June 26 (Bloomberg) -- The euro fell below $1.30 for the first time in almost a month as European Central Bank President Mario Draghi said monetary policy will remain stimulative, dimming the relative allure of assets denominated in the currency.
The dollar remained higher versus the 17-nation currency even as Federal Reserve Bank of Richmond President Jeffrey Lacker said he expects U.S. economic expansion to remain “sluggish” for “a couple more years” and that the central bank isn’t close to reducing its bond holdings. Australia’s dollar rose as Prime Minister Julia Gillard lost a ballot for the leadership of the governing Labor party to her predecessor, Kevin Rudd. India’s rupee plunged to a record versus the dollar.
“The euro weakness today is being driven by comments from Draghi,” said Eric Viloria, senior currency strategist for Gain Capital Group LLC in New York, in a telephone interview. “It’s all about market perception of which direction central banks are moving. The Fed is moving in a direction where they’re going to be slowing the pace of accommodation, while the ECB could still provide more, if necessary.”
The euro declined 0.5 percent to $1.3012 at 5 p.m. New York time, reaching as low as $1.2985, the weakest level since June 3. Europe’s shared currency fell 0.6 percent to 127.17 yen. Japan’s currency rose 0.1 percent to 97.72 per dollar.
The yen has gained 2.7 percent to the greenback this month, while Norway’s krone has declined 3.9 percent. This quarter, the euro has led all major gainers with a 1.5 percent increase, while the worst-performing Australian dollar has slipped 10.9 percent. The greenback is the best-performing currency in 2013 and South Africa’s rand has plunged 16.3 percent.
India’s rupee declined versus all 31 of its most-traded counterparts as investors favored the greenback based on the U.S. economic outlook. The currency depreciated 1.8 percent to 60.73 per dollar after reaching 60.77, its lowest-ever level versus the greenback.
Australia’s dollar rose after Rudd defeated Gillard in their third face-off to head Australia’s governing Labor party in three years. The currency increased 0.2 percent to 92.77 U.S. cents after touching its strongest level in a week.
The New Zealand dollar gained versus all of its major peers after reassurances from China that it will ease a credit squeeze spurred demand for higher-yielding assets. The so-called kiwi rose 0.6 percent to 77.91 U.S. cents.
The ECB’s monetary policy “will stay accommodative for the foreseeable future,” Draghi said in a speech at the French National Assembly in Paris. “We have an open mind about all other possible instruments that we may consider proper to adopt,” he said, adding that an exit remains “distant.”
The Frankfurt-based ECB cut its benchmark interest rate to a record-low 0.5 percent in May after six consecutive quarters of contraction in the 17-nation currency-bloc economy.

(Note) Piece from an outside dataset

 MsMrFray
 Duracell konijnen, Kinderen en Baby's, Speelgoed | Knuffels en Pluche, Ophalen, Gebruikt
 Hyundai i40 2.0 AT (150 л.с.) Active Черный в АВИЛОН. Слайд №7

“It’s all about the fairly dovish comments from Draghi,” Richard Franulovich, a senior currency strategist at Westpac Banking Corp. in New York, said in a telephone interview. “At this point, it’s more a case of euro weakness than dollar strength. That’s driven by the shift in the relative stance of the two central banks.”
Europe’s common currency may extend declines versus the dollar after dropping below its 200-day moving average, currently $1.3073, Brooks said.
The 17-nation euro is testing support at $1.3034, Richard Adcock, a technical strategist at UBS AG in London, wrote today in a note to clients.
If the currency closes below this level, a deeper sell-off will be triggered, with the next layer of support coming at $1.2797, he said. That would be the lowest since May 17. Support refers to an area on a chart where buy orders may be clustered.
The shared currency has declined 2.8 percent against the greenback since Federal Reserve Chairman Ben S. Bernanke said on June 19 the U.S. central bank may begin paring back bond purchases this year.
U.S. gross domestic product rose at a revised 1.8 percent annualized rate in the first quarter, down from the previous estimate of 2.4 percent, the Commerce Department said. The first quarter rate was projected to hold at 2.4 percent, according to a Bloomberg News survey of economists.
Reports yesterday showed U.S. durable goods orders rose more than forecast in May and consumer confidence for June exceeded projections.
The dollar has gained 2.5 percent since June 19, according to the Bloomberg U.S. Dollar Index that represents 10 major currencies weighted by liquidity and trade flows.
The pound fell versus the greenback as Bank of England policy maker David Miles renewed his call for more asset purchases.
A “slight expansion” of the bank’s quantitative-easing program would be helpful, he told a conference in London today.
Sterling fell 0.7 percent to $1.5314.
Trading in over-the-counter foreign-exchange options totaled $38.1 billion, compared with $27.5 billion yesterday, according to data reported by U.S. banks to the Depository Trust Clearing Corp. and tracked by Bloomberg. Volume in options on the dollar-yuan exchange rate amounted to $11.9 billion, the largest share of trades at 31 percent. Euro-dollar options were the second most-actively traded, at $6 billion, or 16 percent.
Dollar-yuan options trading was 181 percent above the average for the past five Wednesdays at a similar time in the day, according to Bloomberg analysis. Euro-dollar options trading was 50 percent above average.
Volatility in currencies surged since the Fed signaled last week it may start reducing stimulus this year. JPMorgan Chase & Co.’s Group of Seven Volatility Index, based on currency-option premiums, reached 11.58 percent after rising to 11.96 percent on June 24, the highest since January 2012.